Between my final year of PhD (when I was also working as IBERS and IMAPS HPC SysAdmin) my life consisted of installing software into a module type system since HPC environments have multiple pieces of software installed, often the same software but with different versions and you fundamentally do not use a package manager for user software as it'll cause you a world of pain. One annoyance I always found was when you look for help when a piece of software fails to compile and you get an answer that boils down to;

yum install PACKAGE 

or

apt-get install PACKAGE

And this happened today. bcl2fastq, the Illumina software is all kinds of fun and games (USING MAKE FILES TO DEMULTIPLEX RAW DATA???? WHY?????). The install instructions are your usual ./configure/make....so you do your ./configure and all is well until you get the following error...

boost-1_44_0 installed successfully
-- Successfuly built boost 1.44.0 from the distribution package...
-- Check if the system is big endian
-- Searching 16 bit integer
-- Looking for sys/types.h
-- Looking for sys/types.h - found
-- Looking for stdint.h
-- Looking for stdint.h - found
-- Looking for stddef.h
-- Looking for stddef.h - found
-- Check size of unsigned short
-- Check size of unsigned short - done
-- Using unsigned short
-- Check if the system is big endian - little endian
-- Looking for floorf
-- Looking for floorf - found
-- Looking for round
-- Looking for round - found
-- Looking for roundf
-- Looking for roundf - found
-- Looking for powf
-- Looking for powf - found
-- Looking for erf
-- Looking for erf - found
-- Looking for erf
-- Looking for erf - found
-- Looking for erfc
-- Looking for erfc - found
-- Looking for erfc
-- Looking for erfc - found
CMake Error at cmake/cxxConfigure.cmake:74 (message):
  No support for gzip compression
Call Stack (most recent call first):
  c++/CMakeLists.txt:33 (include)


-- Configuring incomplete, errors occurred!
Couldn't configure the project:

/software/testing/bcl2fastq/1.8.4/build/bootstrap/bin/cmake -H"/software/testing/bcl2fastq/1.8.4/src/bcl2fastq/src" -B"/software/testing/bcl2fastq/1.8.4/build" -G"Unix Makefiles"  -DCASAVA_PREFIX:PATH=/software/testing/bcl2fastq/1.8.4/x86_64 -DCASAVA_EXEC_PREFIX:PATH= -DCMAKE_INSTALL_PREFIX:PATH=/software/testing/bcl2fastq/1.8.4/x86_64 -DCASAVA_BINDIR:PATH= -DCASAVA_LIBDIR:PATH= -DCASAVA_LIBEXECDIR:PATH= -DCASAVA_INCLUDEDIR:PATH= -DCASAVA_DATADIR:PATH= -DCASAVA_DOCDIR:PATH= -DCASAVA_MANDIR:PATH= -DCMAKE_BUILD_TYPE:STRING=RelWithDebInfo

Moving CMakeCache.txt to CMakeCache.txt.removed

My first thought was to quickly look to see if we have libz libraries installed on the HPC as a module, and they're not. Fair enough. I then wondered why there wasn't a libz library already installed by the OS, and there is but it seems to be different between the software node (a node dedicated to installing software so as not to annoy folk who are on the login node) and the compute nodes. So pointing to /lib64 would probably not work (it might if bcl2fastq is doing a static binary, I've not checked).

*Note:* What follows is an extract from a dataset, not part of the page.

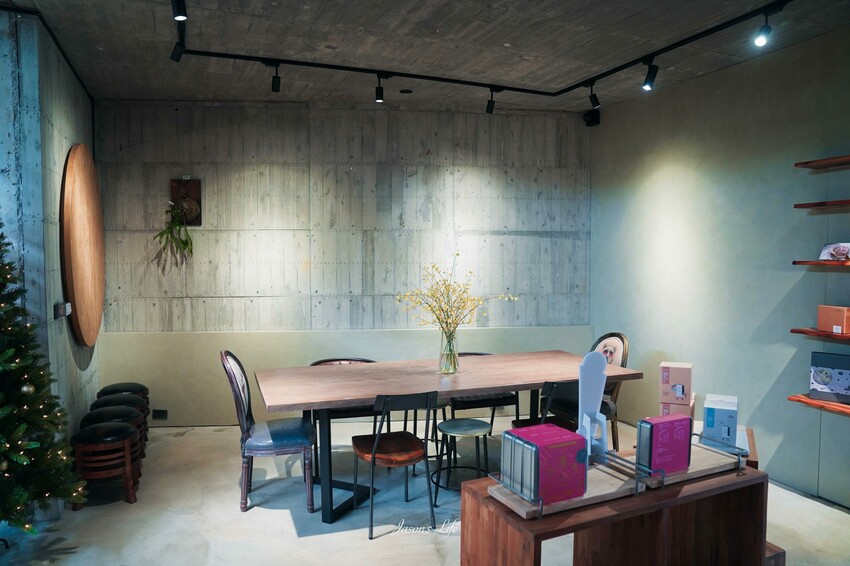 日月潭隱藏版山林透明屋咖啡廳「山影人宅」落地窗美景，搭配鹹甜美食超療癒好去處。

[[email protected]]$ locate libz
/lib64/libz.so.1
/lib64/libz.so.1.2.3
[[email protected]]$ locate libz
-bash: locate: command not found
[[email protected]]$ echo "grrr"
grrr
[[email protected]]$ ls -lath /lib64/libz*
lrwxrwxrwx 1 root root  13 Dec 13 14:09 /lib64/libz.so.1 -> libz.so.1.2.7
-rwxr-xr-x 1 root root 89K Nov  5 18:09 /lib64/libz.so.1.2.7

Okay so after a quick google I get the same old hacky responses;

https://biogist.wordpress.com/2012/10/23/casava-1-8-2-installation/

https://www.biostars.org/p/11202/

http://seqanswers.com/forums/showthread.php?t=11106

My next thought then was how about I just install libz from source. So,

[[email protected]]$ source git-1.8.1.2
[[email protected]]$ which git
[[email protected]]$ git clone https://github.com/madler/zlib.git

YES, EVEN GIT HAS VERSIONS!!! yum/apt isn't the answer to everything!

[[email protected] ]$ cd zlib/
[[email protected] ]$ ./configure
[[email protected] ]$ make -j4
[[email protected] ]$ ls -lath libz*s*
lrwxrwx--- 1 martin JIC_c1 14 Jan 27 16:11 libz.so.1 -> libz.so.1.2.11
lrwxrwx--- 1 martin JIC_c1 14 Jan 27 16:11 libz.so -> libz.so.1.2.11
-rwxrwx--x 1 martin JIC_c1 103K Jan 27 16:11 libz.so.1.2.11

And that's great. We now have our libraries compiled, just need to let my bash shell know where they are;

export LIBRARY_PATH=/software/testing/bcl2fastq/1.8.4/lib/zlib

and then back into my bcl2fastq build directory, rerun ./configure --prefix=/where/the/bins/go and it compiled.

All done without a yummy apt....it's Friday and I need to go home.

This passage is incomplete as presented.